> **INPUT MATERIAL**:
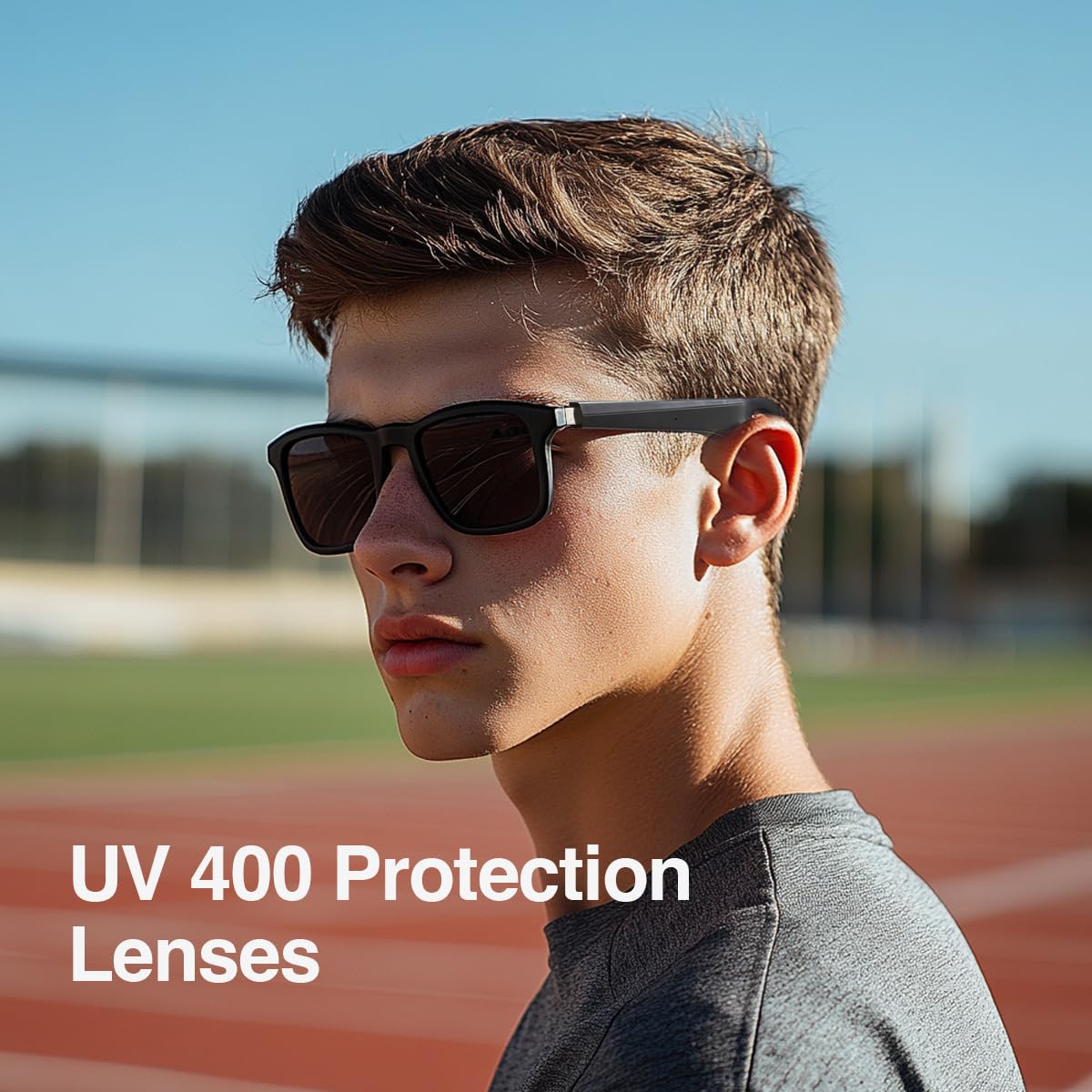 Smart Glasses with Wand Stick,No Leaking Voice, Bluetooth Smart Sunglasses,HiFi 3D Surround,Dual-Mic Noise Cancellation, Music/Game Mode, Detachable Frame (Square-framed, Black+Transparent Lens)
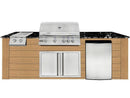 RCS 4-Burner 8-Foot Gas Grill Island with Rear Infrared Burner, Refrigerator, Double Side Burner, Access Door, Cedar Cabinet & Black Granite Countertop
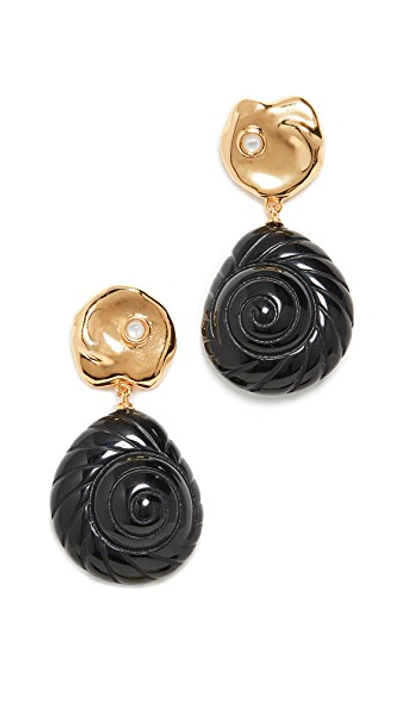 Shop Lizzie Fortunato Venus Earrings In Brass/black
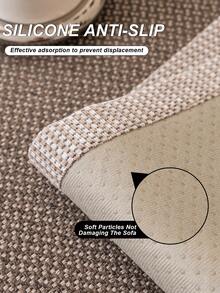 1pc Linen-Like Sofa Cushion Cover, High Grammage, Thick , Modern Minimalist Style. Machine Washable, Pet-Friendly, Anti-Slip Particles. Suitable For Living Room, Bedroom, Office Multi-Purpose Sofa Pad - Coffee Brown - View 8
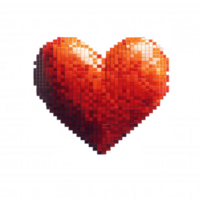 3d icon Digital red pixelated heart representing romantic connection, glowing against transparent background, symbolizing modern love and technology png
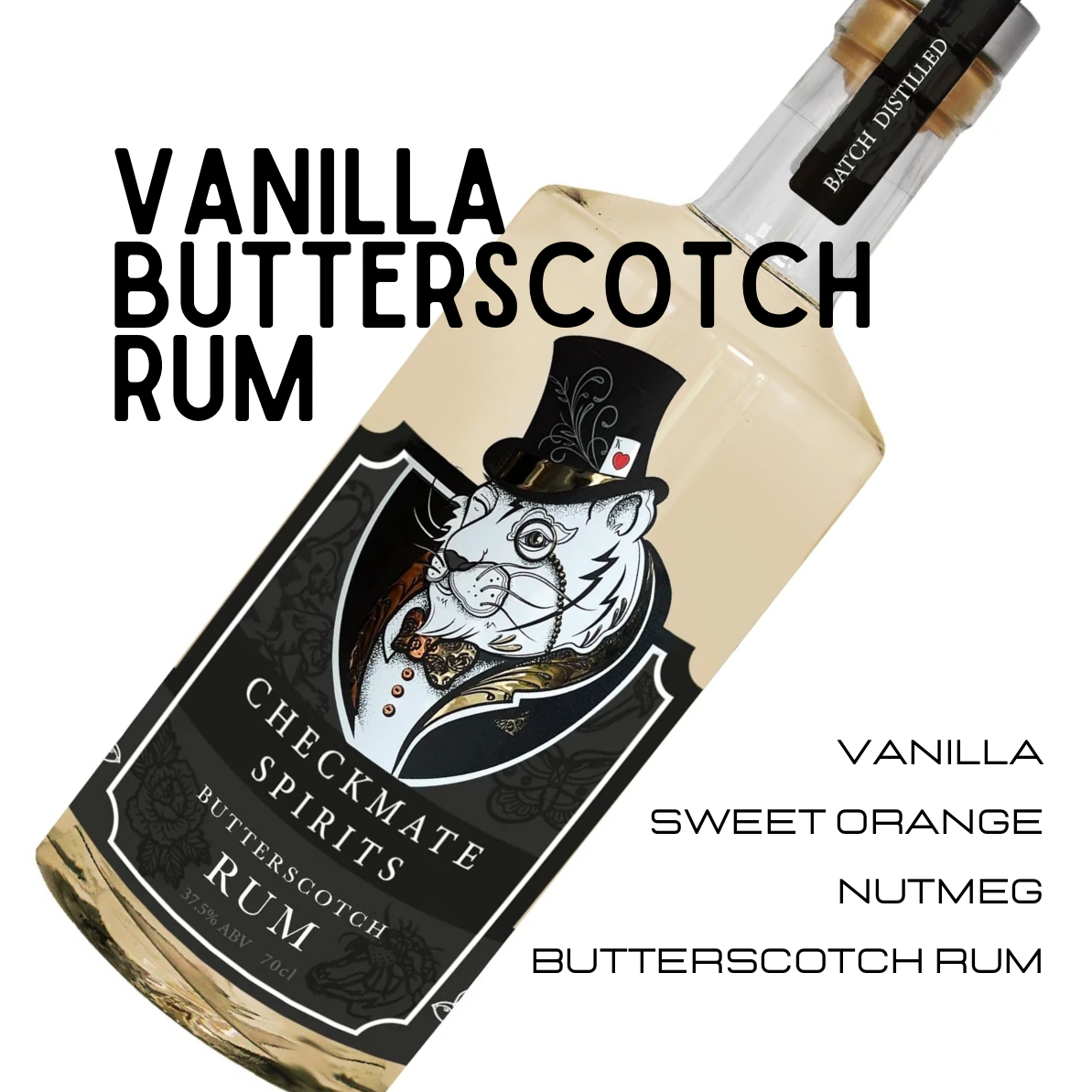 Vanilla Butterscotch Rum bottle with decorative label on a white background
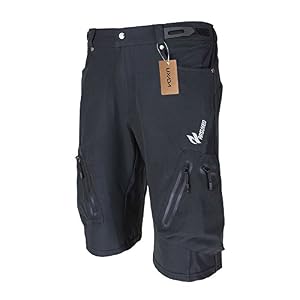 Lixada Men’s Bicycle Shorts ，Breathable Mountain Bike Shorts Lightweight and Baggy MTB Shorts for Outdoor Cycling…
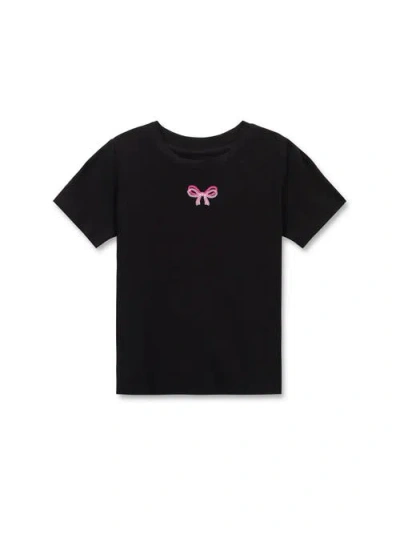 Preppy Goose Sequin Bow Short Sleeve T-shirt In Black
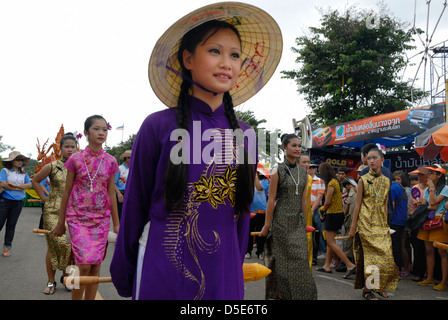 Candle and wax festival (Khao Phansa) on 3/08/2012 in Ubon Ratchathani Northeastern Thailand Stock Photo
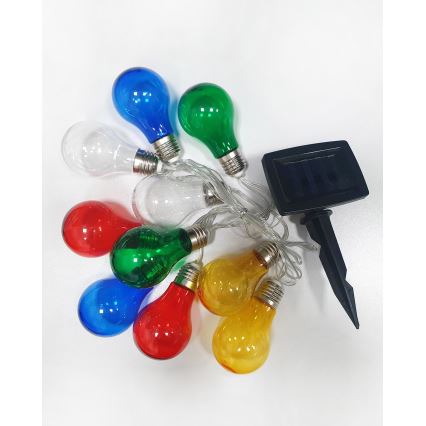 Cadeia de luzes LED solar exterior 10xLED/1,2V 300 mAh 2,2 m IP44 multicolor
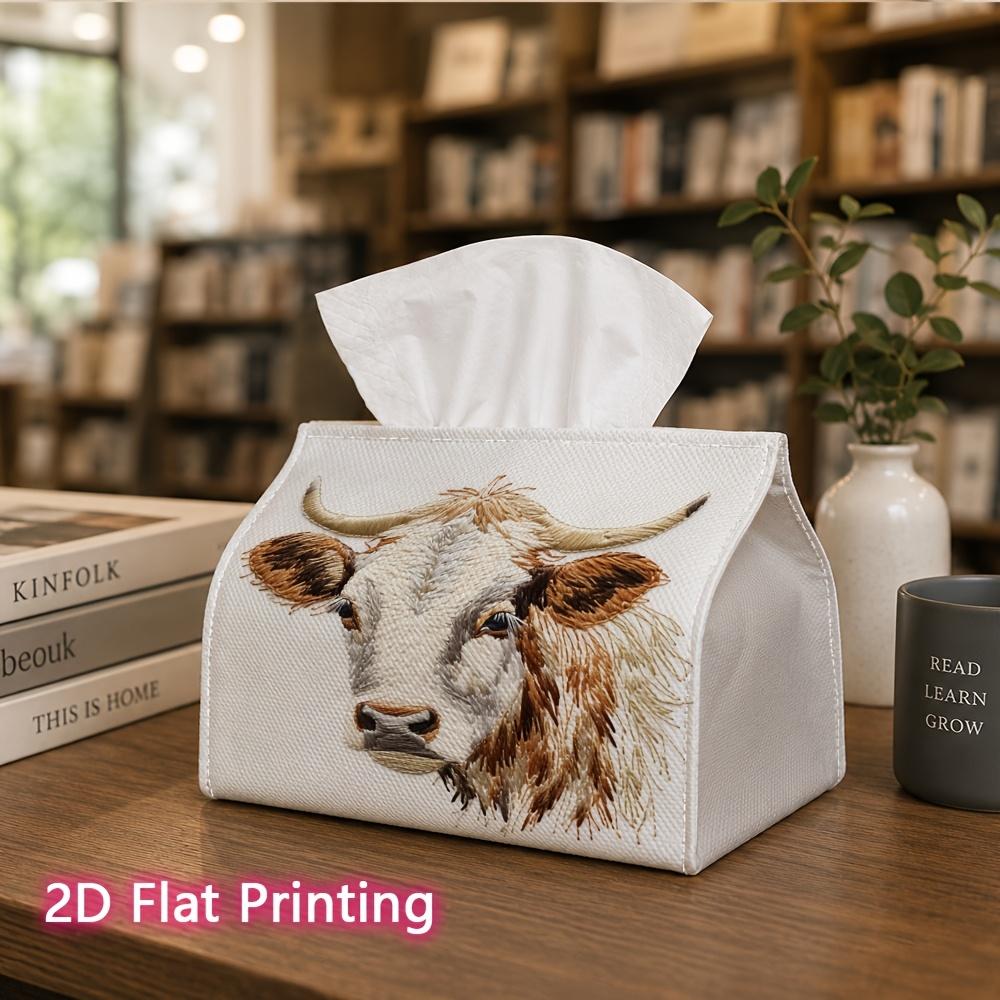 1pc, 2d Flat Printing, Tissue Box Cute Bull - Animal Wall Pattern Printed Tissue Box, Suitable for Napkin Storage in Cars, Kitchens, and Restaurants,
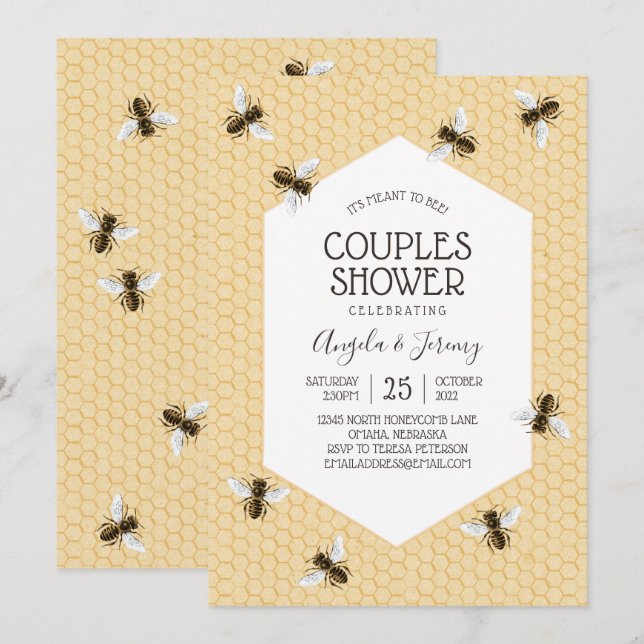Vintage Honeybee Couples Shower Invitation (Front/Back)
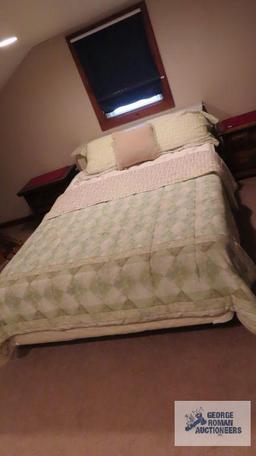 Queen size bed with Hollywood frame and reversible bedspread and pillows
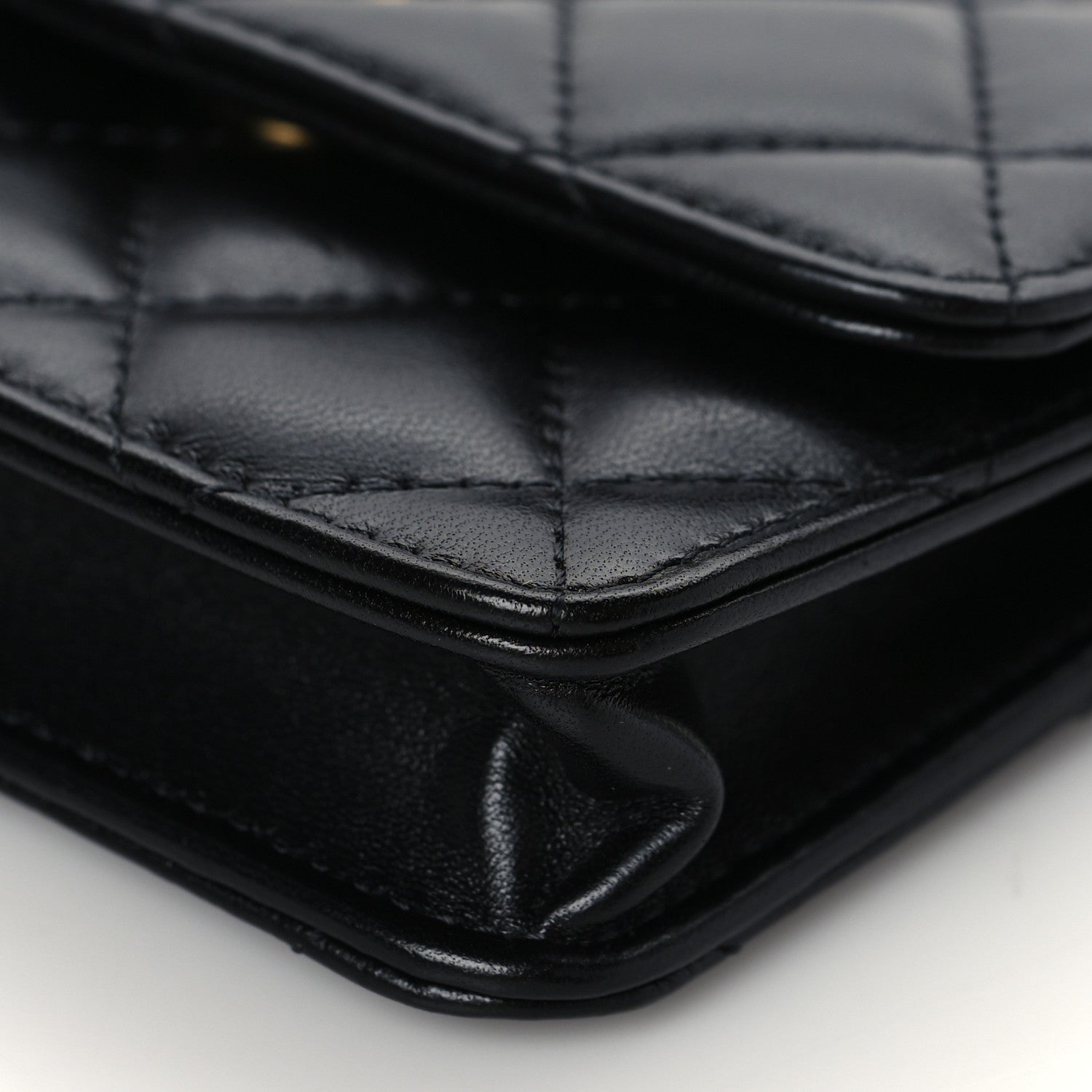 Chanel Lambskin Resin Quilted Clutch With Chain Black 10 of 11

> **ACTIVITY**:
Please retype the data exactly. The pictures do not go in.

> **WRITTEN ANSWER**:
 Smart Glasses with Wand Stick,No Leaking Voice, Bluetooth Smart Sunglasses,HiFi 3D Surround,Dual-Mic Noise Cancellation, Music/Game Mode, Detachable Frame (Square-framed, Black+Transparent Lens)
 RCS 4-Burner 8-Foot Gas Grill Island with Rear Infrared Burner, Refrigerator, Double Side Burner, Access Door, Cedar Cabinet & Black Granite Countertop
 Shop Lizzie Fortunato Venus Earrings In Brass/black
 1pc Linen-Like Sofa Cushion Cover, High Grammage, Thick , Modern Minimalist Style. Machine Washable, Pet-Friendly, Anti-Slip Particles. Suitable For Living Room, Bedroom, Office Multi-Purpose Sofa Pad - Coffee Brown - View 8
 3d icon Digital red pixelated heart representing romantic connection, glowing against transparent background, symbolizing modern love and technology png
 Vanilla Butterscotch Rum bottle with decorative label on a white background
 Lixada Men’s Bicycle Shorts ，Breathable Mountain Bike Shorts Lightweight and Baggy MTB Shorts for Outdoor Cycling…
 Preppy Goose Sequin Bow Short Sleeve T-shirt In Black
 Candle and wax festival (Khao Phansa) on 3/08/2012 in Ubon Ratchathani Northeastern Thailand Stock Photo
 Cadeia de luzes LED solar exterior 10xLED/1,2V 300 mAh 2,2 m IP44 multicolor
 1pc, 2d Flat Printing, Tissue Box Cute Bull - Animal Wall Pattern Printed Tissue Box, Suitable for Napkin Storage in Cars, Kitchens, and Restaurants,
Vintage Honeybee Couples Shower Invitation (Front/Back)
 Queen size bed with Hollywood frame and reversible bedspread and pillows
 Chanel Lambskin Resin Quilted Clutch With Chain Black 10 of 11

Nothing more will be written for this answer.